Monitoring cluster Kubernetes, not a small task and needs the same approach non-trivial. To illustrate the kind of failure that can occur, this is an example of one of our AWS deployment.
One of our clusters showed a healthy status, with SkyDNS work and all the pods begin. However, after a few minutes, go to the state SkyDNS CrashLoopBackoff. Container applications rose but dysfunctional because they could not reach the database after the first restart. You can browse this link to know more about Kubernetes monitoring.
Turns cluster down but we could not get a clear understanding of what is happening by looking at events and pods status.
Once connected to the master node and view the log SkyDNS pod, they reveal problems with etcd. High latency on network-attached disk failure cause read and write so that etcd cannot write to the file system. Although it is configured correctly and it seems to work, it is not consistently available as Kubernetes Service.
We evaluated several options for monitoring in the context Kubernetes:
- Traditional monitoring agent
- Alternative approaches such as smoke testing custom specific applications
- Classic monitoring solution
- There is no shortage of traditional monitoring solutions.
It is a lean process, very small (single executable), and tested daemon running on thousands of machines – perfect for a small setup but is typically limited to a single system monitoring. This is the biggest drawback.

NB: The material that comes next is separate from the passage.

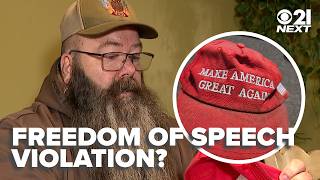 Bus driver given ultimatum to take off MAGA hat or he would be fired: 21 Next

One of the problems we found with the use of monitoring is a limited set of tests conducted and the lack of extensibility. Although it is configured, we have to extend its functionality by writing scripts or special purpose application is controlled through a weak interface.
More importantly, we found it very difficult to connect some examples of monitoring into a coherent, highly available, and resilient network with each agency collects its own share information and collaborate to keep this information up to date.